_Record set_.
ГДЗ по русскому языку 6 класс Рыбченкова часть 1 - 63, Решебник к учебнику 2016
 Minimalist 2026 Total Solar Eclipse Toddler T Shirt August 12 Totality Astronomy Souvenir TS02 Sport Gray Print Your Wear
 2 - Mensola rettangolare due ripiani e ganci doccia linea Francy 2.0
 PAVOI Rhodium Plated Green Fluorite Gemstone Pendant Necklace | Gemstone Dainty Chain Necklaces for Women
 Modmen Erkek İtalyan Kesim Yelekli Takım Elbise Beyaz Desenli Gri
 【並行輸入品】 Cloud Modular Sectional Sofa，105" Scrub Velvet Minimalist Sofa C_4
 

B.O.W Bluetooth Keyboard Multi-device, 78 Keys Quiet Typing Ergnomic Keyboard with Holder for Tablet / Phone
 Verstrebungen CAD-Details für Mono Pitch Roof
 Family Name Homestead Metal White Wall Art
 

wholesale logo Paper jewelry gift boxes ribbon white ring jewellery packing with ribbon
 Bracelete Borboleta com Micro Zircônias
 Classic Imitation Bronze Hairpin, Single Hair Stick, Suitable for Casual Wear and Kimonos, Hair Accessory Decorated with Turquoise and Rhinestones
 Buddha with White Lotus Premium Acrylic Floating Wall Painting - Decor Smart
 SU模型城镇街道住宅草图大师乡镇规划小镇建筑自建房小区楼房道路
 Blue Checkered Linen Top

_Exercise aim_. Search the preceding listing for "Wall" and extract every line where it is found.

_Answer section_.
 Family Name Homestead Metal White Wall Art
 Buddha with White Lotus Premium Acrylic Floating Wall Painting - Decor Smart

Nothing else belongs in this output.